Our 2012 route south on Google Maps |
I needed to UPS some monitoring equipment to my client in Colorado so we got to that errand in Little Rock on Monday morning and continued through Texas, choosing the slightly less boring (more trees) route through Houston which has worked well for us lately. We got through Houston without trouble and to a la Quinta in Corpus Christie for a subsidized room on my LQ points and a $45 dinner. The van was doing fine, as were Daisy and the rest of us, with over half the distance behind us. We could have crossed the border Tuesday by noon if we had chosen that goal but this being Tuesday, November 6th in the USA on a leap year there was an election going on. Maybe you've heard of it. So we took our time, did some USA shopping at Target, Best Buy and Harbor Freight Tools, and landed another subsidized LQ room in Pharr, TX, where I stayed up late to watch the election returns come in.

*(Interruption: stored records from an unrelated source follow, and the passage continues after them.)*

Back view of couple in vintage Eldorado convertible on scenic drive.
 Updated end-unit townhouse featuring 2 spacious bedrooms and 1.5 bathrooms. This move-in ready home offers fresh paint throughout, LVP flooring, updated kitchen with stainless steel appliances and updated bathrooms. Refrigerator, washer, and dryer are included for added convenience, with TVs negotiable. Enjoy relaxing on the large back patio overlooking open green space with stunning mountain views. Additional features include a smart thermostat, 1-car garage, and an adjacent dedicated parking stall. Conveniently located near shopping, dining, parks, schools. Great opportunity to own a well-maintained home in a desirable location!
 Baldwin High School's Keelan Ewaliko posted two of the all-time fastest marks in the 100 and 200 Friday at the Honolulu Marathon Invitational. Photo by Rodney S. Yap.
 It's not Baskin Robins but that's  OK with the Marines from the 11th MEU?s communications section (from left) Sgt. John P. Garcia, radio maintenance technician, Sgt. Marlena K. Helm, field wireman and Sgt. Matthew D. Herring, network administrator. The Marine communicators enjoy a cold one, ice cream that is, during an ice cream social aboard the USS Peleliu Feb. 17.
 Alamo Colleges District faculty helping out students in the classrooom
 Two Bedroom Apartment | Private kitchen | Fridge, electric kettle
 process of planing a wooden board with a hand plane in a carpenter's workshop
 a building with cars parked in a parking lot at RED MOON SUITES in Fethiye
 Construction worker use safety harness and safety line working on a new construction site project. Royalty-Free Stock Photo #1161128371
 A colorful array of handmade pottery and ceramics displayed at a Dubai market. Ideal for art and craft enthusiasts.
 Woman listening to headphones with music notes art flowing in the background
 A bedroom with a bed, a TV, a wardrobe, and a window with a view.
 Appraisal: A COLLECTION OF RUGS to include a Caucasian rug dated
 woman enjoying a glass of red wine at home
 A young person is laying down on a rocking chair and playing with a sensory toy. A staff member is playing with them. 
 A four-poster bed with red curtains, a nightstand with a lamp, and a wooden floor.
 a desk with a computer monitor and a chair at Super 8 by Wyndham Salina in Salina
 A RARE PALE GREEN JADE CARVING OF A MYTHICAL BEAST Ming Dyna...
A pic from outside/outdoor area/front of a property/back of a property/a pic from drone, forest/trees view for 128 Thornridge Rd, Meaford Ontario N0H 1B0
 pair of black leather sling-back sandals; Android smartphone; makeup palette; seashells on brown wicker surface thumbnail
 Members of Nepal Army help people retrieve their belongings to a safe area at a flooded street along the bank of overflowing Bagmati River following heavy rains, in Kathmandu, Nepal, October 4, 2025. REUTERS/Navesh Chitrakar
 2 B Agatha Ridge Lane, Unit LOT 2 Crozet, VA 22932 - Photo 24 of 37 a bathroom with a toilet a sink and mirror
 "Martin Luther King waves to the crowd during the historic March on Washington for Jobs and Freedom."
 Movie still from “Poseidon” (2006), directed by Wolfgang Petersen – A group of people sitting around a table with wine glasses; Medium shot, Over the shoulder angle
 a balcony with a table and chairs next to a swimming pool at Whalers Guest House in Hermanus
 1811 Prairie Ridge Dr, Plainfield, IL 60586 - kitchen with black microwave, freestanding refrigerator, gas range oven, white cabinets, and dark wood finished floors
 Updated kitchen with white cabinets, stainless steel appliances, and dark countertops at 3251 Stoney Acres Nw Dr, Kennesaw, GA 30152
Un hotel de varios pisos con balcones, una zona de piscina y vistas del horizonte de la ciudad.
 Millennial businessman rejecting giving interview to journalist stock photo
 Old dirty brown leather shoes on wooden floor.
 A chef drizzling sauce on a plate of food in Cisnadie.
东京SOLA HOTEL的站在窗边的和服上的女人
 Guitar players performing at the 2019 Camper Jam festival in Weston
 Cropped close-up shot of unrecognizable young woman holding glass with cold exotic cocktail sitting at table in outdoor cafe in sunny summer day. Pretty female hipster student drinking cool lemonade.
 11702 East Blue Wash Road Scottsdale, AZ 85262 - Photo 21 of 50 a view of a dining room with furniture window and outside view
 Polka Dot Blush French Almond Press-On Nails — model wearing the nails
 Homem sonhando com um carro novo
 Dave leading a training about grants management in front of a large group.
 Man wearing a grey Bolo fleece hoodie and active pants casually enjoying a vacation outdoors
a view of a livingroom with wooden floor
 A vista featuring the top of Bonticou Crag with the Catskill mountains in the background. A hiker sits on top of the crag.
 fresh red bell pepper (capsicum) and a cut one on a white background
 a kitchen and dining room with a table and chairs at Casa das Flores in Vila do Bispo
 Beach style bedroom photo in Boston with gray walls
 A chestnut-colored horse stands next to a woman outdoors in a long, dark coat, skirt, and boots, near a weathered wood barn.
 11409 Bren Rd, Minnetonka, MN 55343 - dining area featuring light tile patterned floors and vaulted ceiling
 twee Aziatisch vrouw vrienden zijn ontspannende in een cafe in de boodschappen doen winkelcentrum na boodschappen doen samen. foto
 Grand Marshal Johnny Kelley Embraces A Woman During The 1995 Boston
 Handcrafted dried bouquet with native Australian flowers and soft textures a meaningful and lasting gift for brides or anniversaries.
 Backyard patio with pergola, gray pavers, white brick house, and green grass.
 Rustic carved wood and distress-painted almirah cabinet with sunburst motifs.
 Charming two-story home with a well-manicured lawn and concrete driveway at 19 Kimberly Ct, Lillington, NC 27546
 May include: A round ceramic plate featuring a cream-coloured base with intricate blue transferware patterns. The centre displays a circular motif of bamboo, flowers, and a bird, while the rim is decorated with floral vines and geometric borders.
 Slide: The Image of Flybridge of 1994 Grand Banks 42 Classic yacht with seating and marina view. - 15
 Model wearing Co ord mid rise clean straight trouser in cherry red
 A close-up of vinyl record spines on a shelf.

Joshua Trees and Sierra Madre in northern Mexico |
In the courtyard at the Puesta del Sol, S.Maria del Rio |
We decided to take advantage of the free (for the price of dinner) lodging in Oaxaca and spend Friday in the city catching our breath and some culture, and letting the dashed highway lines fade from our retinas. Mara's apartment is near the downtown, so very convenient to the museums. A bit more of a stretch to the mercado in the south of downtown, but a packed Avenida Crespo bus got us conveniently close with our purchased bedding. By the way, this minivan is now about to burst, although the settling of the contents over 5000 kM did allow these things to fit in some cracks.
Early Saturday we were on the narrow, twisty road to Puerto Escondido, over two sets of mountains. It is just 260 kM but really does take about 6 hours, between the curves, the hills, the slow trucks, the towns, and the groups of pilgrims to Juquilla, biking and running on the narrow road with their support trucks crawling along. Juquilla is the site of a modern miracle, a plastic doll of the virgin having survived a church burning down. The slow road to Puerto may be out of use in a few years, as they are building a new toll road to Oaxaca now. They have a lot of mountain road-building to go but the drive will probably go to a couple hours rather than six. As nice as it would be to get to and from Oaxaca quicker, we worry that the resulting growth will change Puerto Escondido in many ways. Hopefully our little neighborhood and beach will still be recognizable.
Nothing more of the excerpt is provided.